The protection of the Rio Sapo area was initiated in 2000 but also included the installment of tourist services, such as those offered by Prodetur. Since then Prodetur has attracted tourist attention while at the same time stressing a community-wide conservation and management of the natural resources. The protection of the Rio Sapo area is ensured through development of environmentally-friendly infrastructure, environmental education, research of the Rio Sapo ecosystem, and the use of clean technologies.

== Donors and development initiatives ==
The funds to implement Prodetur programs are provided by the Fund Initiative of the Americas, Program of Small Donations, the World Fund for the Environment, and the Binational Program of Frontier Development. Under the Binational Program of Frontier Development which was implemented in 2005, both Honduras and El Salvador created nuclei of development along the border provinces. Nucleus of Local Development number three, located in Morazán, has largely been a tourism initiative, of which Prodetur is a part. Prodetur, in coordination with bordering municipalities in Honduras, has developed a series of programs that integrate the southern part of Honduras and the department of Morazán. Central to this tourism initiative is a series of services offered by Prodetur and Morazán province, such as food, lodging, transportation, and various outdoor/recreation activities, including, but not limited to, mountain biking, bird-watching, nature walks, hiking, camping, and swimming.

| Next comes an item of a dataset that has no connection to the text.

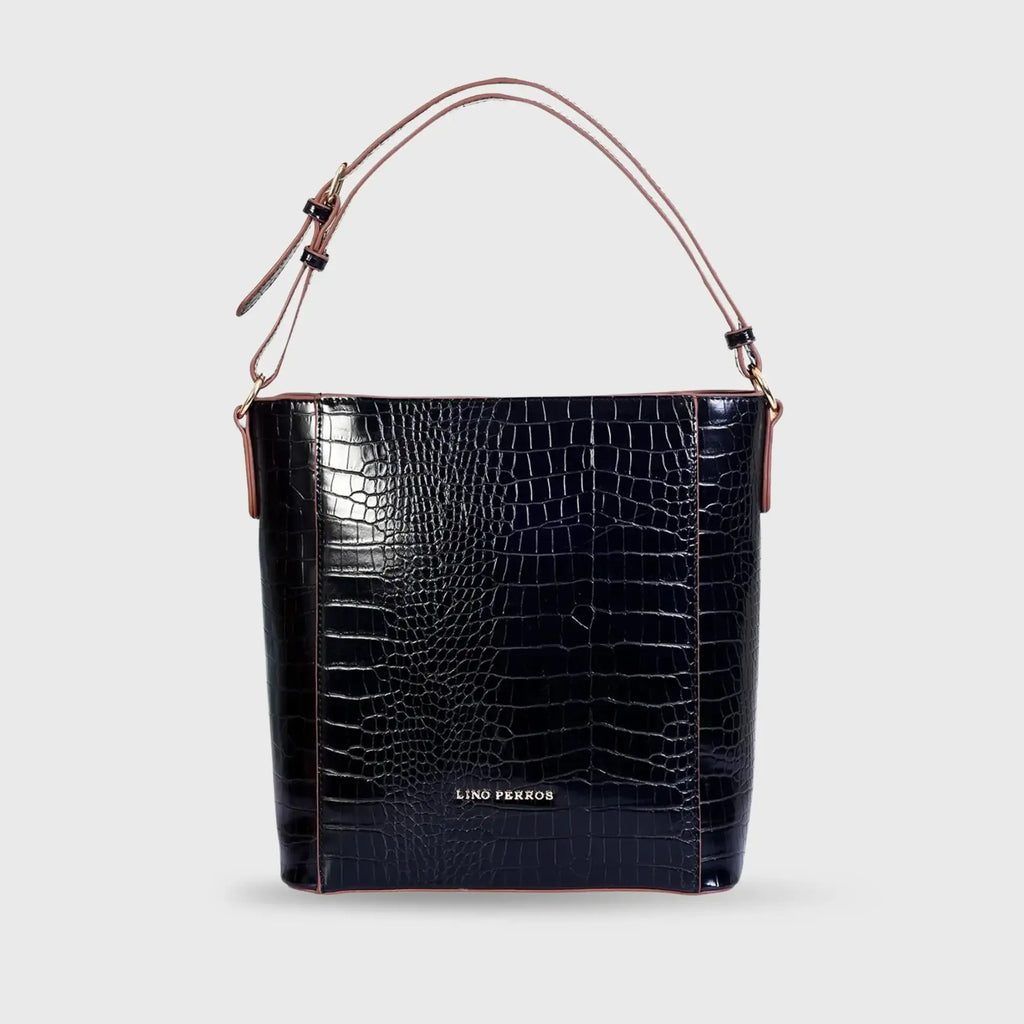 Voyage Timeless Black Hobo Bag - Lino Perros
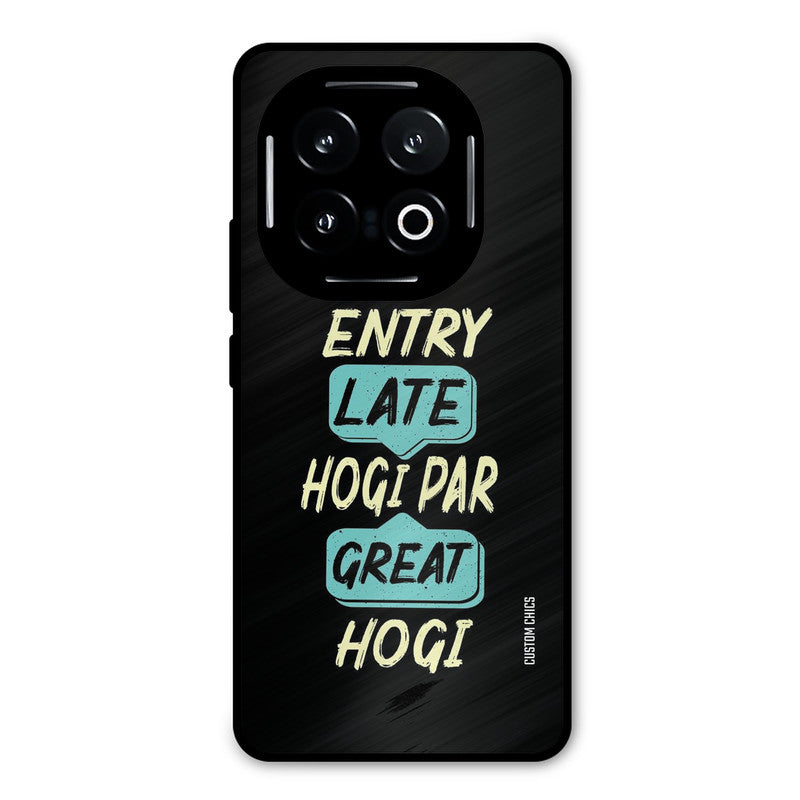 Late And Great iQOO 13 Mobile Back Cover - Typography PrintShield Case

== Location and collaboration ==
Prodetur operates in villages and hamlets along one of the most historically significant roads in Morazán. The Ruta de la Paz Lenca was a road of strategic importance, militarily and economically, during the Salvadoran Civil War which lasted from 1980 to 1992. Subsequently, the north of Morazán has become an important tourist destination for its historic sites from the civil war. Prodetur has utilized this increasing tourist attention to Morazán by directing these tourists to local businesses for their accommodations. In this way, the local post-war economy benefits from the tourist activity as well. Prodetur’s operation benefits the communities along the Ruta de Paz, including Perquín, Arambala, Joacaitique, San Fernando, Joateca, Meanguera, El Rosario, Torola, Guatajiagua, Cacaopera and Maroon. Prodetur and the local businesses of these towns, together, offer tourists guided tours of natural and historic attractions, lodging, meals, recreational activities, and transportation to/from sites.